Massachusetts General Hospital and Harvard Medical School
Boston, Massachusetts
Background: Individuals with mood disorders (bipolar disorder, major depression, dysthymia) experience cognitive and affective processing deficits that have been identified as risk markers for onset and recurrence of mood symptoms. Biological mechanisms subserving these behavioral deficits may relate to the effects of chronic low-grade inflammation, hypothalamic-pituitary-adrenal (HPA)-axis dysfunction, and their interactions, on brain function. However, few studies have directly linked measures of immune and endocrine function with performance-based measures of cognitive-affective processing or their neural substrates in individuals with mood disorders.

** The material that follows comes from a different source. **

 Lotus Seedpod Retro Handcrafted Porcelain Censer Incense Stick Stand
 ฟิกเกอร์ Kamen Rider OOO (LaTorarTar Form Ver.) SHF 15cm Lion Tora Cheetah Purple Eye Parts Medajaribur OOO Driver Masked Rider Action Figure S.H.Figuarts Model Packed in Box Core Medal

Methods: Data from three studies will be presented. First, in a sample of 119 adults with bipolar disorder, associations between peripheral inflammation (as measured by C-reactive protein [CRP]) and affective inhibition are determined. Second, in a sample of 39 adolescents (age 12-17) with depressive spectrum disorders and 29 healthy controls (HC), associations between peripheral inflammation (as measured by interleukin (IL)-6, tumor necrosis factor (TNF)-α, and IL-1beta), depressive symptom dimensions, and emotion perception are determined. Third, in a sample of 41 adults with major depression or bipolar disorder and 23 HC, associations of cortisol with neural engagement during emotion perception are determined.
Results: In bipolar disorder, increased CRP was associated with reduced negative, but not positive or neutral, target discriminability. In depressed adolescents, higher inflammatory proteins were associated with depressed mood and somatic symptoms of depression, but not anhedonia, and associated with reduced accuracy for identifying angry, fearful, and neutral facial expressions. In adults with depression or bipolar disorder, increased cortisol was associated with hypoactivation of fronto-parietal and striatal regions during the processing of fearful and angry faces.
Conclusions: Immunoendocrine biomarkers may represent possible targets for modulating cognitive-affective processing deficits in transdiagnostic mood disorders. Hypotheses that might explain shared sequelae of immune and HPA-axis dysregulation (e.g., glucocorticoid resistance), will be discussed.